Brief –
Exactly the lines from the one with "Islamabad Hopes Alive" through the end of the data below must be set down, and no pictures with them.

Supplied data –
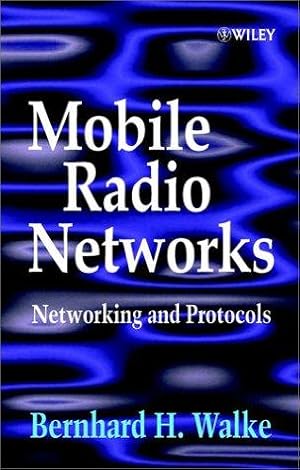 Imagen del vendedor de Mobile Radio Networks: Networking and Protocols a la venta por WeBuyBooks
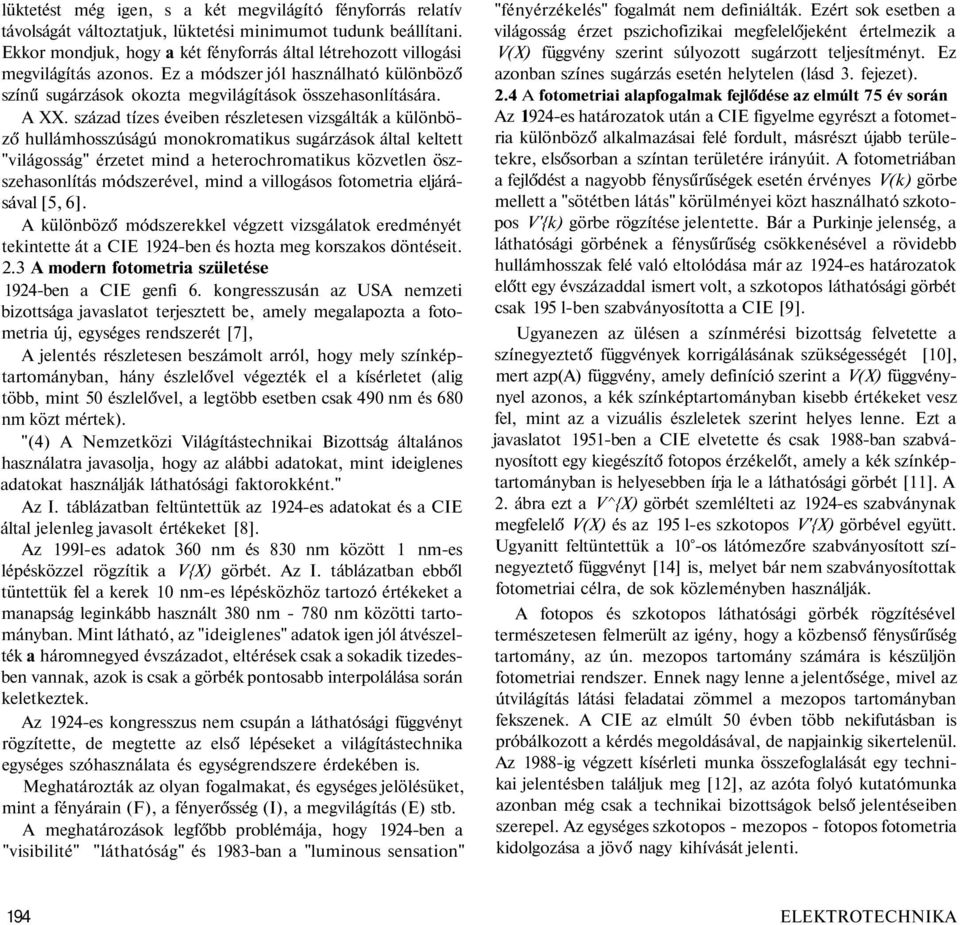 század tízes éveiben részletesen vizsgálták a különböző hullámhosszúságú monokromatikus sugárzások által keltett "világosság" érzetet mind a heterochromatikus közvetlen öszszehasonlítás módszerével,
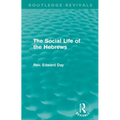 The Social Life of the Hebrews (Routledge Revivals)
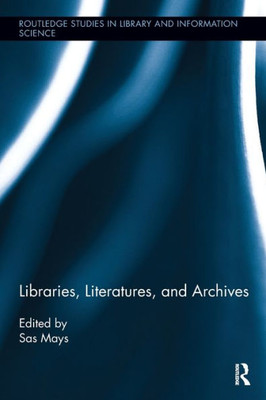 Libraries, Literatures, And Archives (Routledge Studies In Library And Information Science)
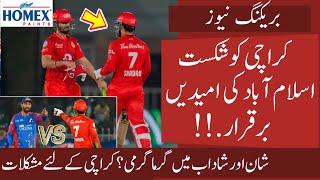 Islamabad Hopes Alive ! Karachi in Trouble | Faheem Ashraf back and Haider Too | Shan Shadab Fight ?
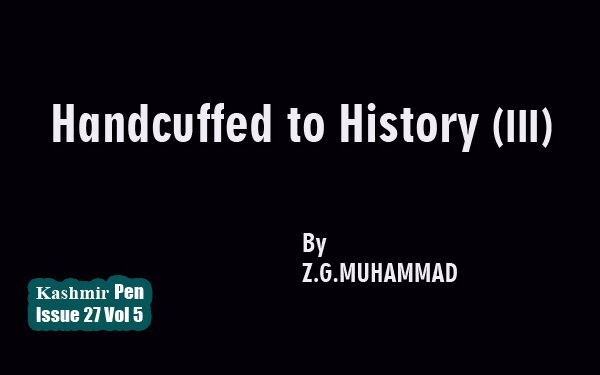 Handcuffed to History (III)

Task answer –
 Islamabad Hopes Alive ! Karachi in Trouble | Faheem Ashraf back and Haider Too | Shan Shadab Fight ?
 Handcuffed to History (III)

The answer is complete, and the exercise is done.